Barry Tannen, OD, an optometric physician at EyeCare Professionals, PC in Hamilton Township, New Jersey, and colleagues previously found that this test, the Tannen Flipper Test (Bernell), could distinguish patients with concussion/mild traumatic brain injury from a matched, nonconcussed cohort, leading to the test becoming a new noninvasive visual biomarker for concussion.

data from study
Data were derived from Tannen B, et al. J Optom. 2024;doi:10.1016/j.optom.2023.100487.

“In our pilot studies, it was found that the static distance horizontal fusional vergence range was frequently reduced both in the concussion/mild traumatic brain injury (mTBI) and general acquired brain injury populations,” Tannen and colleagues wrote. “This led us to investigate its dynamic counterpart, similar to what has been established diagnostically for years, at near.”

They conducted a retrospective study to assess the utility of Tannen Flipper Test, which consists of prism values of 4 base-out and 2 base-in, in the assessment of nontraumatic, acquired brain injury such as cerebrovascular accident/stroke, neurodegenerative disease, brain infection and following neurosurgery.

From March 2018 to March 2021, the researchers performed a record review of private practice patients who were optometrically diagnosed as visually normal and asymptomatic (n = 44; mean age, 41 years), medically diagnosed as concussion/mTBI and visually symptomatic (n = 52; mean age, 28 years), and medically diagnosed as nonconcussion/mTBI, acquired brain injury and visually symptomatic (n = 34; mean age, 59 years).
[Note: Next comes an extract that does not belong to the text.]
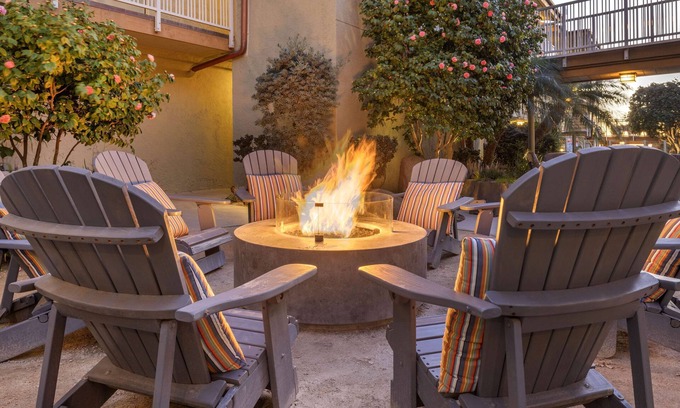 Carlsbad Village Hotel | Best Western Plus Beach View Lodge Carlsbad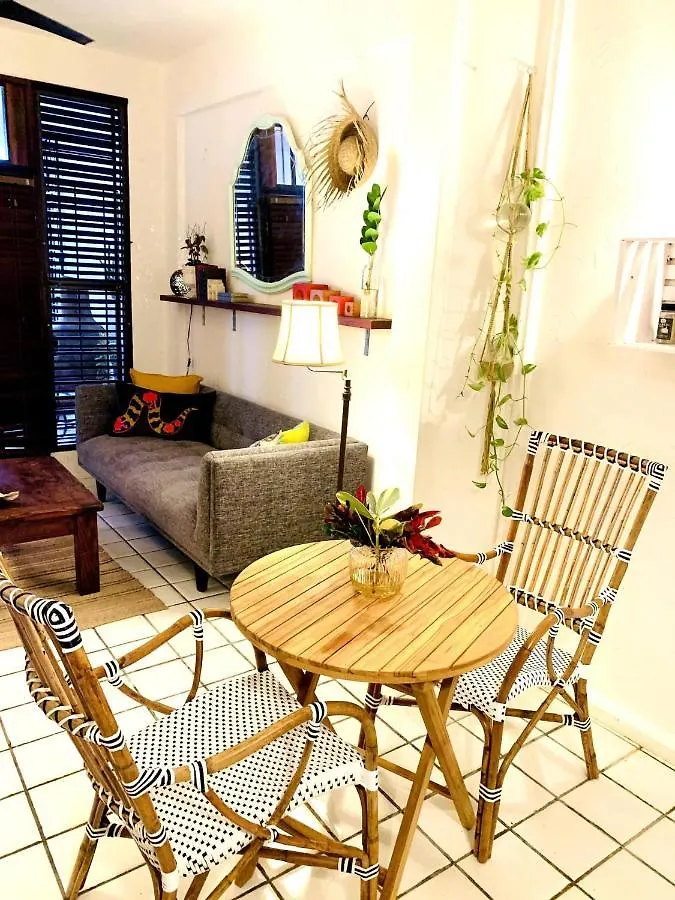 Footprints Beach House At Yardley Place San Juan Holiday home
The researchers used the Tannen Flipper Test to measure the horizontal, distance, dynamic fusional facility of each patient, assessing the differences with a one-way analysis of variance and a receiver operative characteristic (ROC) analysis.

They found that the groups were significantly different from one another for all Tannen Flipper Test findings (P < .05), even when controlled for age (P = .013). Specifically the mean distance horizontal fusional facility was 15 cpm (standard deviation [SD], 3.3) in the healthy control group, 10.1 cpm (SD, 4.2) in the concussed/mTBI group and 6.3 cpm (SD, 4.3) in the acquired brain injury group.

They also observed a small but significant reduction in the Tannen Flipper Test value with older patient age (P < .001).

According to ROC analysis, area under the curve values ranged from excellent to acceptable (AUC = 0.94-0.74; P < .001).

In addition to expanding on the researchers’ previous work in the concussion/mTBI population, these findings “reveal for the first time that distance vergence facility is not only significantly worse in the acquired brain injury group than in the normal cohort, but also significantly worse than found in the concussion/mTBI group,” the researchers wrote.

“Thus, this simple and rapid test provides new insights into the oculomotor system of the general acquired brain injury population that deserves further exploration, both clinically and in the laboratory (eg, with objective recording of vergence),” they added.

One study limitation noted by the researchers was that they did not perform intrasession repeatability.